Sécurité sanitaire : encore un anticoagulant sur la sellette

A son tour, l’anticoagulant Pradaxa® (dabigatran etexilate) est au coeur d’une tourmente. Même si vendredi, l’Agence du médicament (EMA) n’a pas remis en cause l’efficacité de ce mé­dicament du laboratoire allemand Boehringer Ingelheim, ce produit administré aux patients qui se font poser une prothèse de la hanche ou du genou est la cause de quelques remous outre Rhin.

"La semaine dernière, rapporte en effet La Tribune (page 11), le deuxième laboratoire allemand (12,6 milliards d’euros de vente l’an dernier) a confirmé 256 décès par hémorragie dans le monde potentiellement imputables au Pradaxa®, depuis son lancement en 2008." Selon l’Agence française de sécurité sanitaire des produits de santé (Afssaps), 21 de ces décès sont survenus en Europe, dont plusieurs en France.

Avec ce type de médicaments anticoagulants, les risques d’hémorragie sont assez connus. Néanmoins, l’EMA a l’intention de "modifier la notice pour insister sur la surveillance des reins, qui éliminent le produit une fois qu’il a agi". Le Pradaxa® a été mis en circulation afin de remplacer un autre traitement lui aussi controversé, la warfarine, elle-même responsable de la mort de 4 000 personnes chaque année en France.

Selon le laboratoire, les décès occasionnés par le Pradaxa® sont 21,5 fois inférieurs à ceux constatés au cours des études cliniques. D’ailleurs, ajoute le quotidien économique, ce traitement, qui prévient également les accidents cardio-vasculaires chez les malades souffrant d’arythmie cardiaque, a reçu cet été une seconde autorisation de mise sur le marché (AMM) européenne pour cette indication.

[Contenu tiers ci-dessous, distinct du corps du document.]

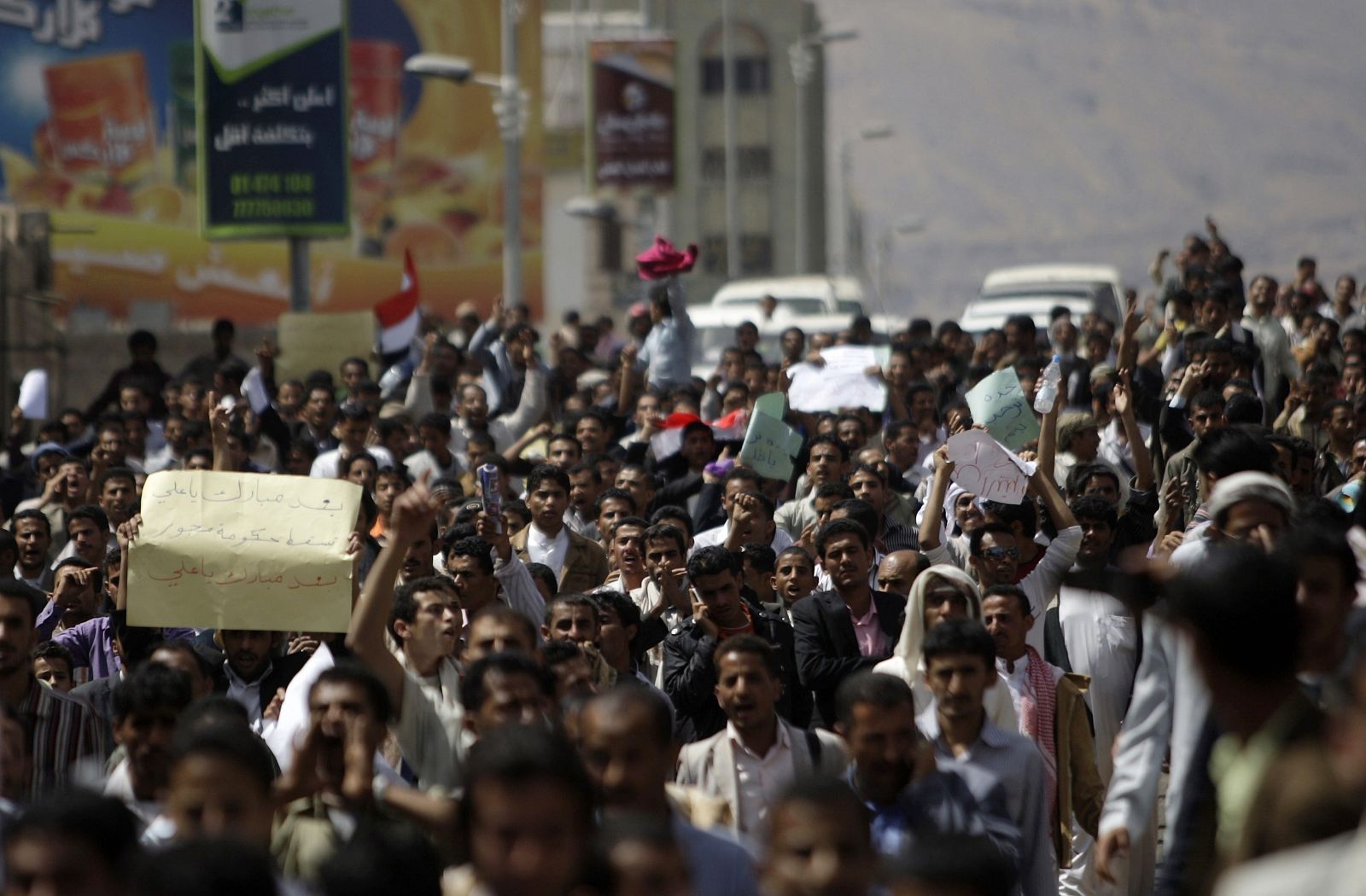 Imagen de los manifestantes que han pedido la salida del presidente yemení Ali Abdalá Saleh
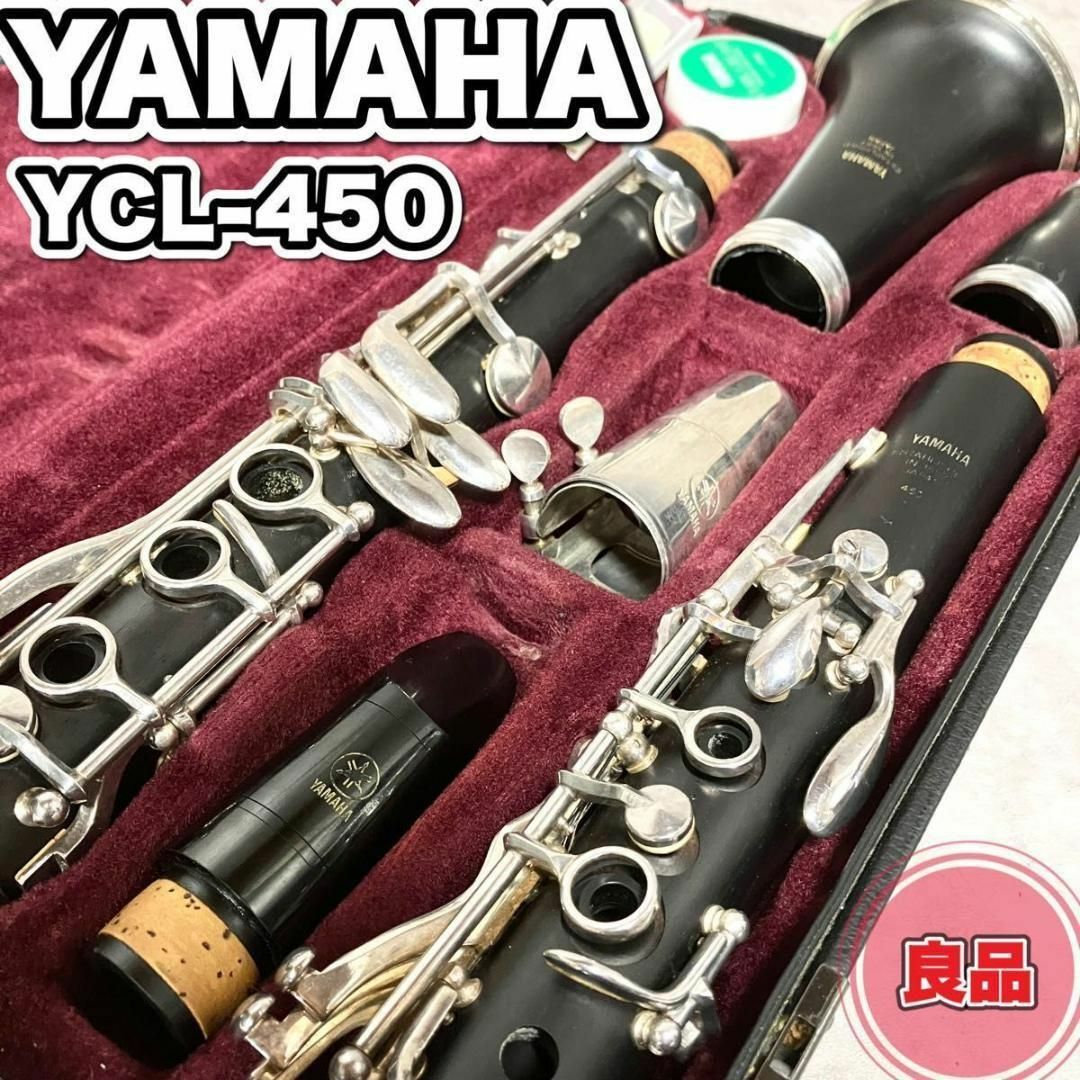 良品　 YAMAHA ヤマハ　YCL-35 B♭ クラリネット　管楽器　木製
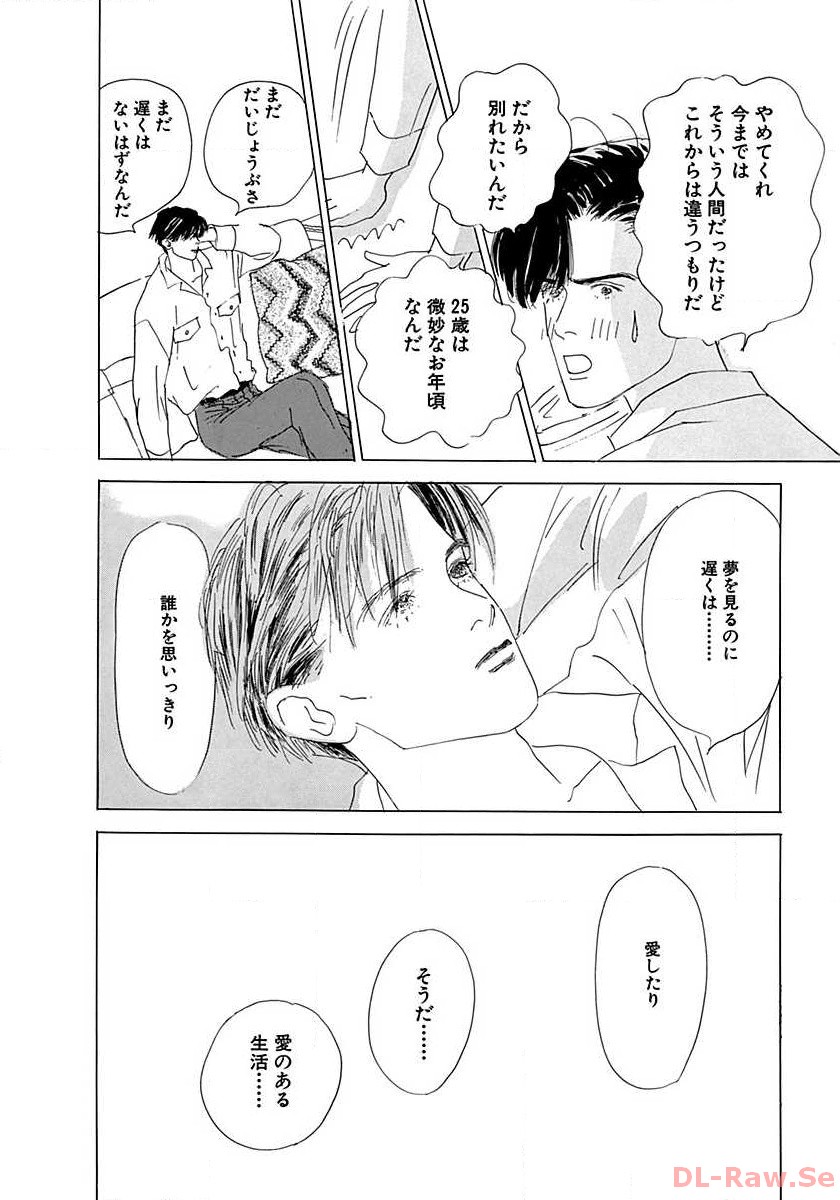 P59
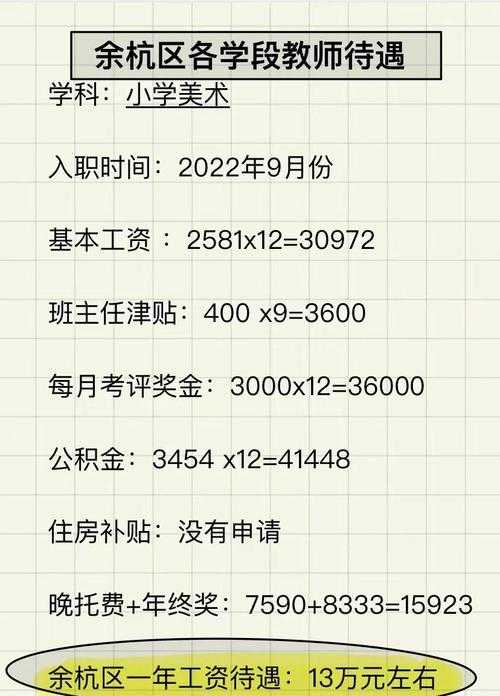 别让搜索拖后腿：怎么查找英文论文的核心秘籍大揭秘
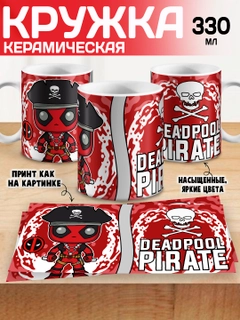 Оливковый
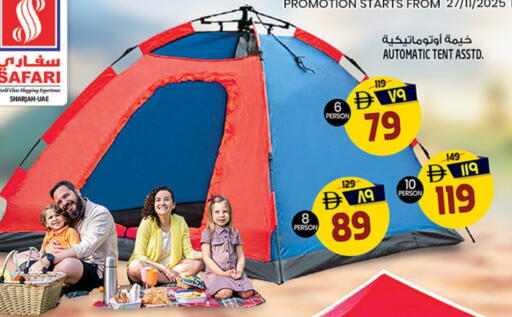 available at Safari Hypermarket  in UAE - Dubai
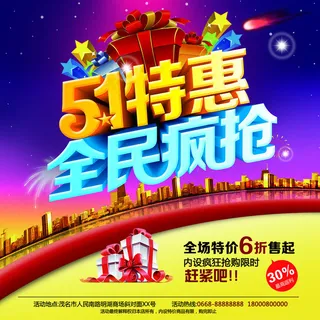 51特惠宣传海报设计PSD素材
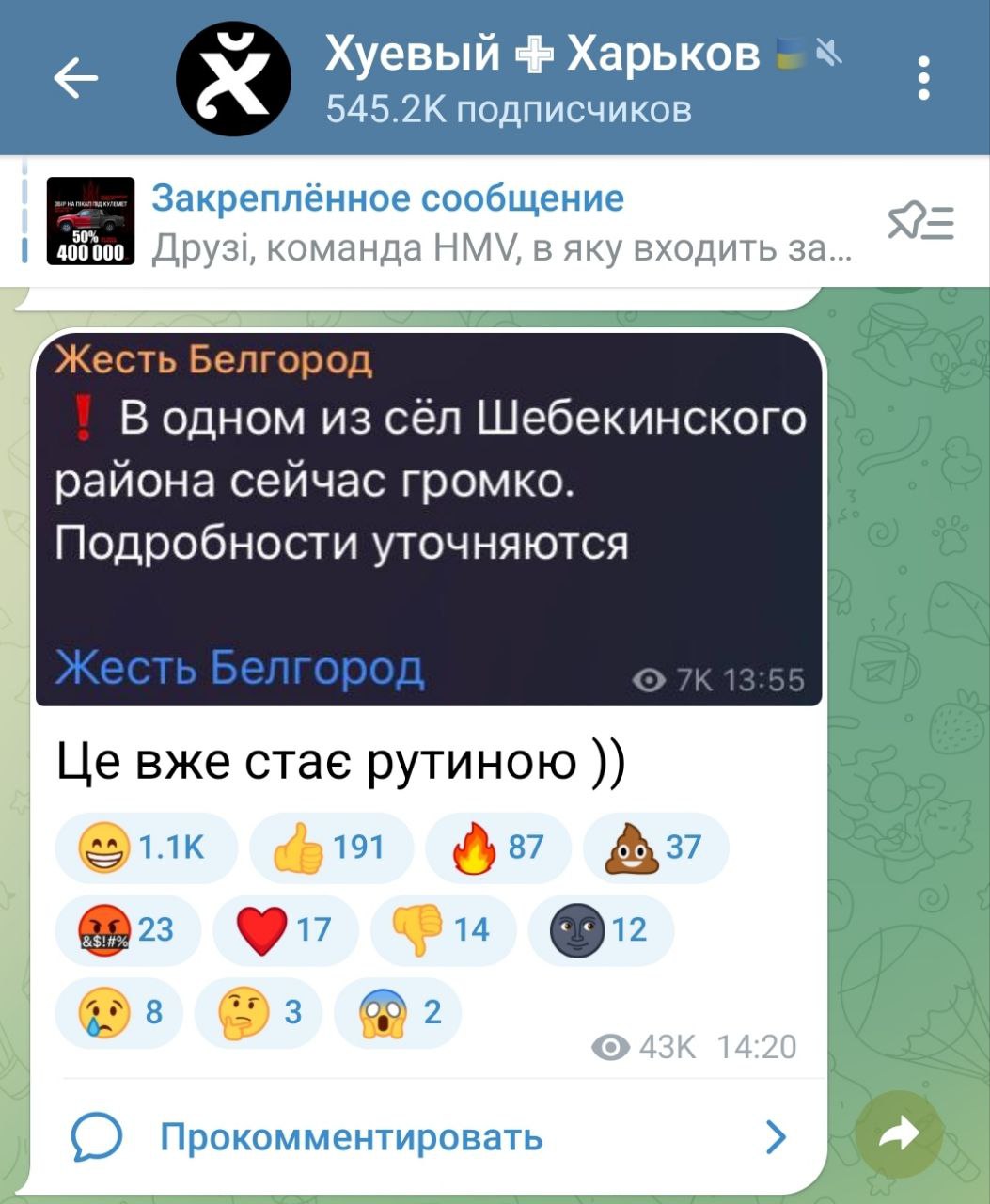 Украинский чат телеграмм общение фото 2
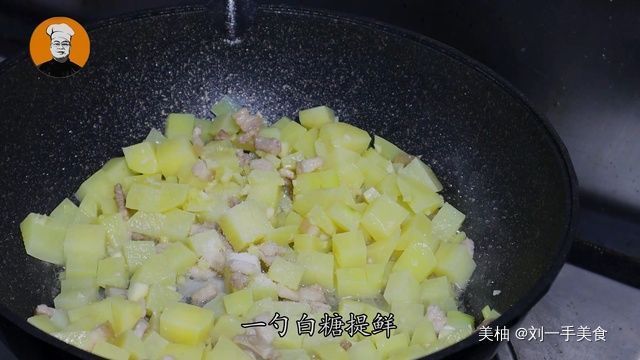 土豆丁这样做真好吃,学会拿它来招待客人,上桌超受欢迎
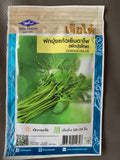 Chia Tai Thailändischer Wasserspinat "Yentafo" (Große Stiele/Convaolvalus) Samen -Ipomoea aquatica / เจียไต๋ เมล็ดพันธุ์ผักบุ้งแก้วเย็นตาโฟ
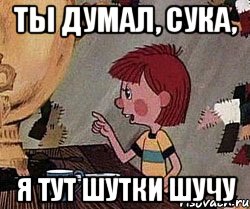 ты думал, сука, я тут шутки шучу, Мем Дядя Федор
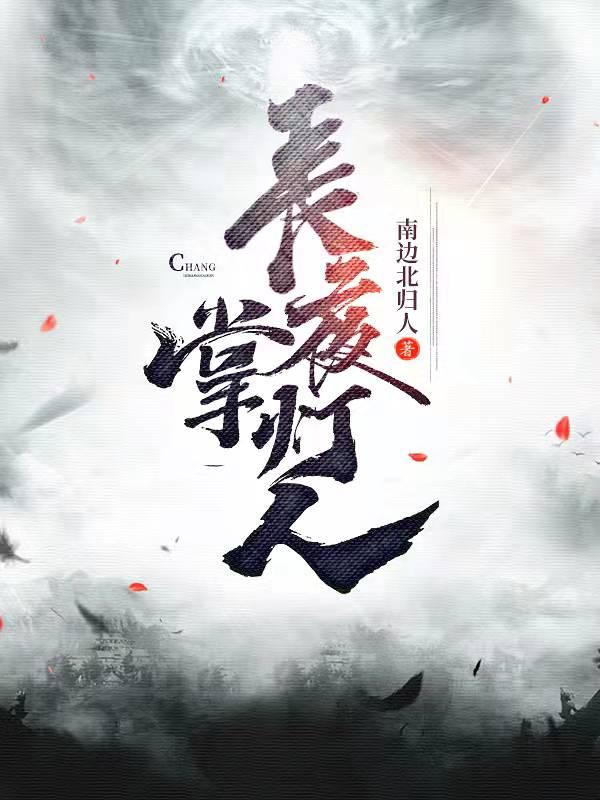 求长夜掌灯人小说免费资源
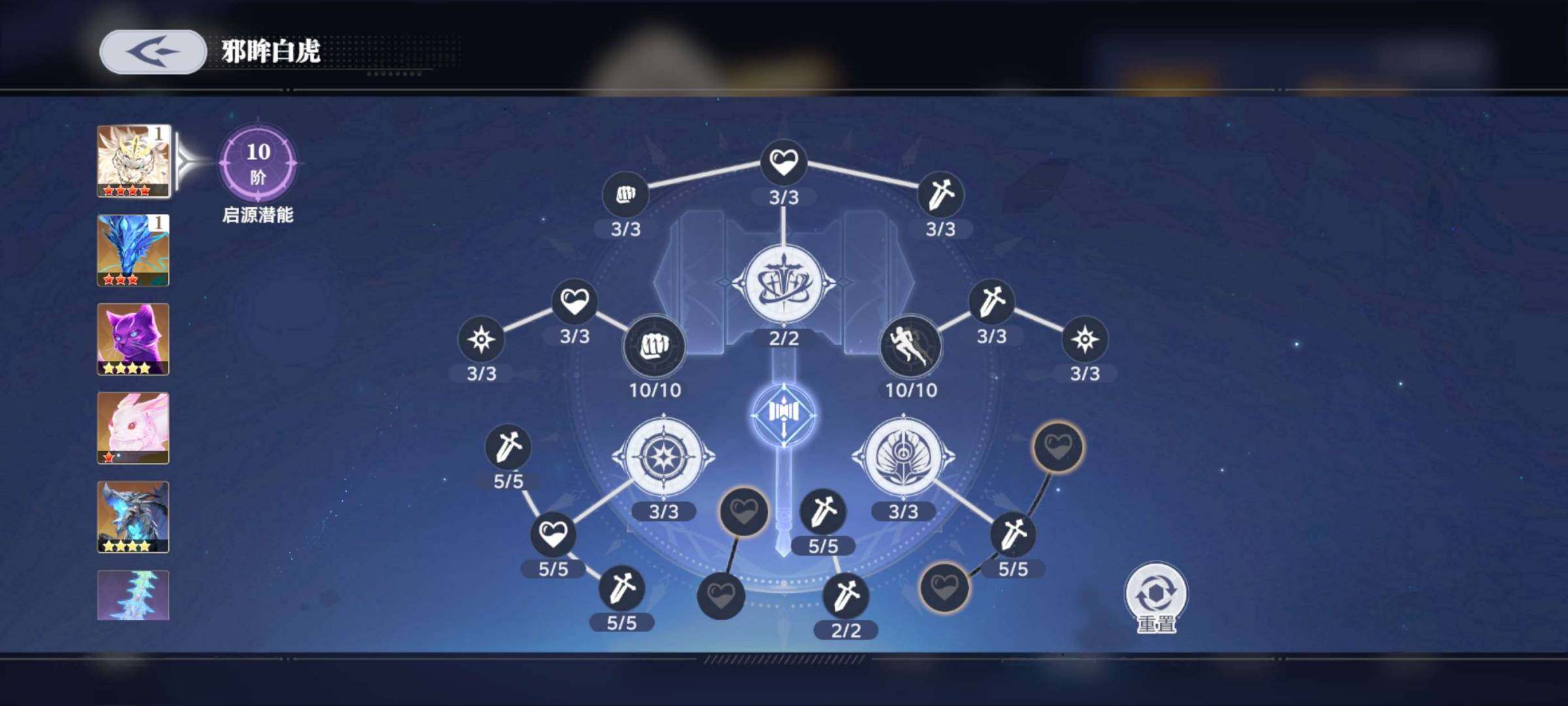 角色等级:68 评分:2181 比比东，碧...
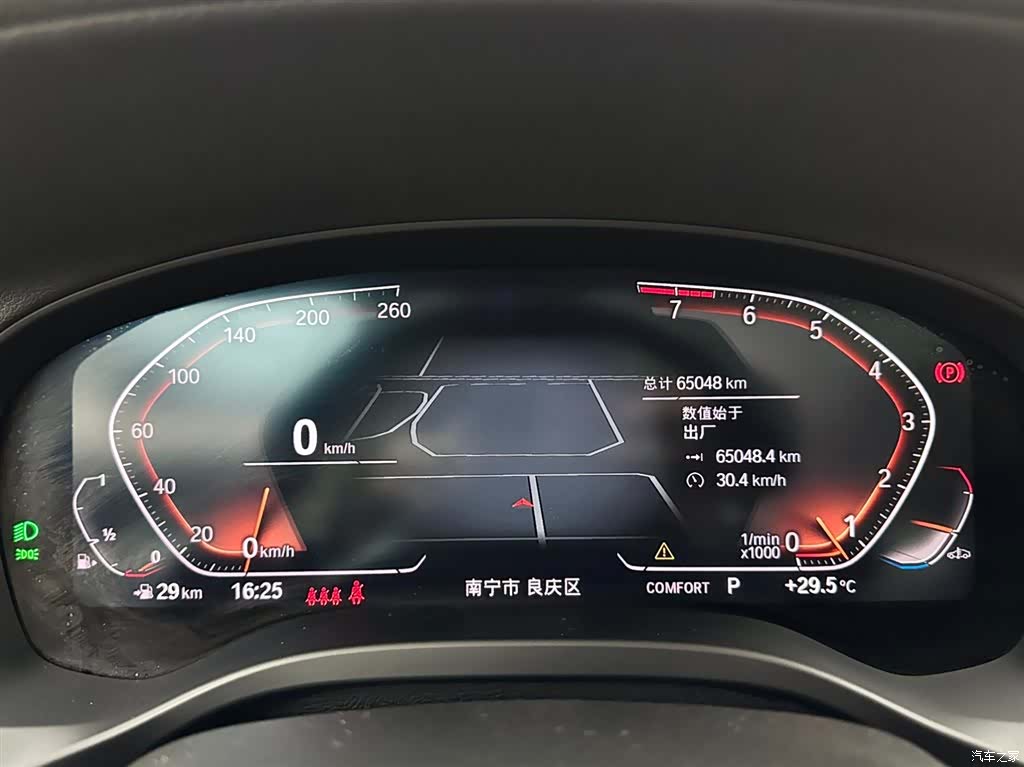 BMW X3, 2022 14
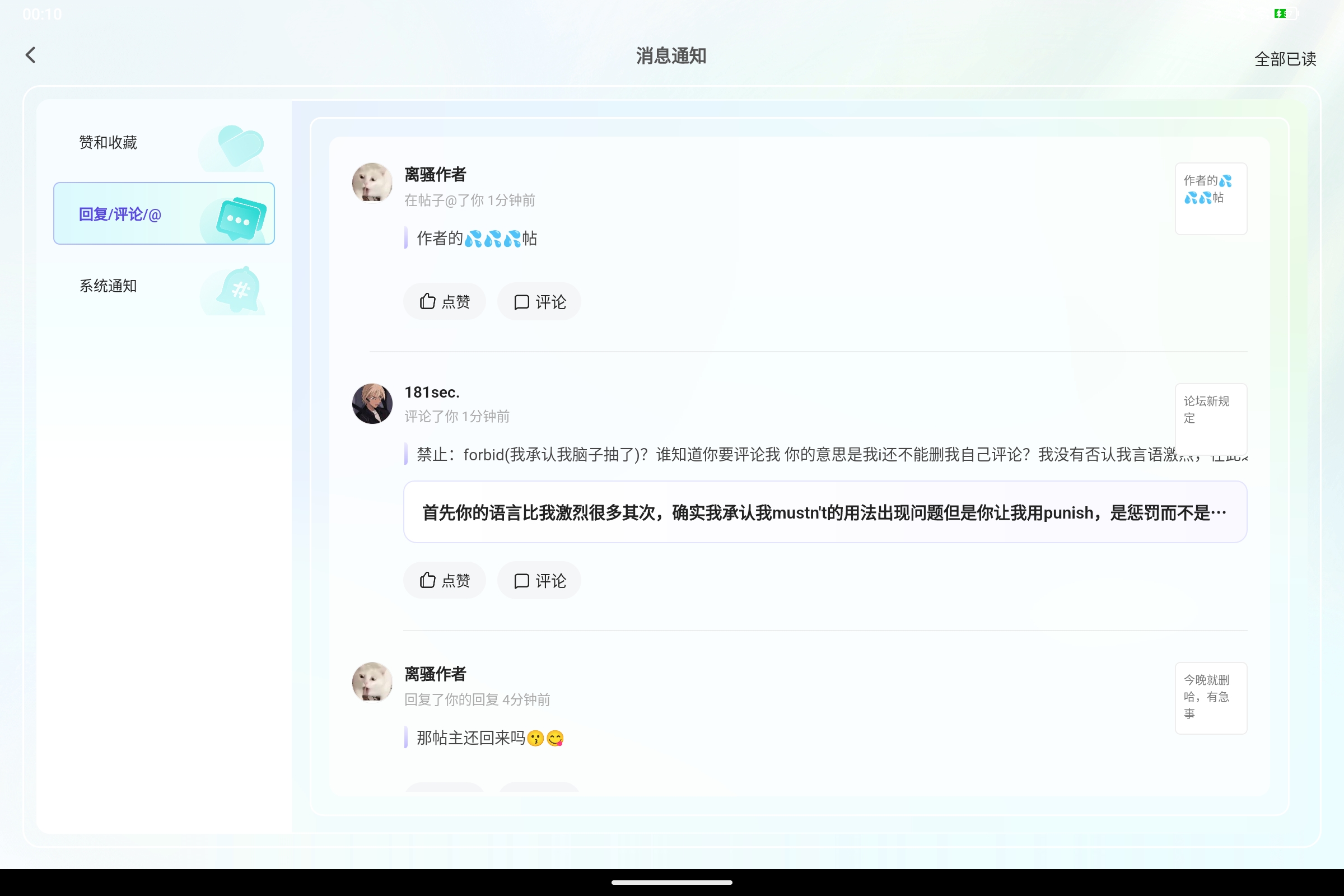 Screenshot_2025-09-29-00-10-54-760.jpg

La mise en cause du Pradaxa® en Allemagne et au Benelux menace cependant l’avenir commercial du médicament. Plusieurs concurrents briguent en effet sa place : le Xarelto® (rivaroxaban), produit par Bayer, attend d’ici la fin du mois sa propre AMM, alors que l’Eliquis® (apixaban) de Pfizer et BMS vient de l’obtenir. Sur les rangs, le japonais Daiichi Sankyo envisage à son tour de lancer son produit d’ici à deux ans.

En France, le remboursement du Pradaxa®, fixé à 65% pour sa première in­dication, pourrait être réévalué, indique La Tribune. Fin novembre, ce médicament doit en effet passer pour la seconde fois devant la Commission de la transparence de la Haute Autorité de santé (HAS) en même temps qu’Eliquis®. Selon une source proche du dossier, Pradaxa® ne risque pas un retrait du marché, mais un sévère discrédit face à l’un de ses rivaux.

Déficit : du mieux dans le pire
La chose est "considérable", mais elle pourrait être pire encore. C’est à peu près ce qui se dégage des prévisions gouvernementales sur le déficit de l’année 2012. Comme le rapportent Les Echos (page 6), le déficit budgétaire devrait s’établir l’an prochain à 78,8 milliards d’euros, alors qu’il atteignait 95,3 milliards en 2011.

Selon le quotidien économique, les plans anti-austérité du 24 août (1 milliard d’euros d’économies envisagées) et du 7 novembre (500 millions d’euros) sont en partie responsables de l’amélioration des prévisions. "Fin septembre, Bercy affichait une prévision à 81,8 milliards avec 1,75% de croissance. " Mais après le débat à l’Assemblée nationale, le solde a été ramené à 79,7 milliards grâce à la prise en compte de 1,5 milliard d’économies".

En attendant, observent Les Echos, le budget de 2012 est examiné par les sénateurs depuis vendredi. Et le gouvernement compte intégrer la nouvelle prévision de croissance (1%) en proposant un certain nombre d’amendements qui prendront en compte l’incidence des prévisions de croissance sur les recettes.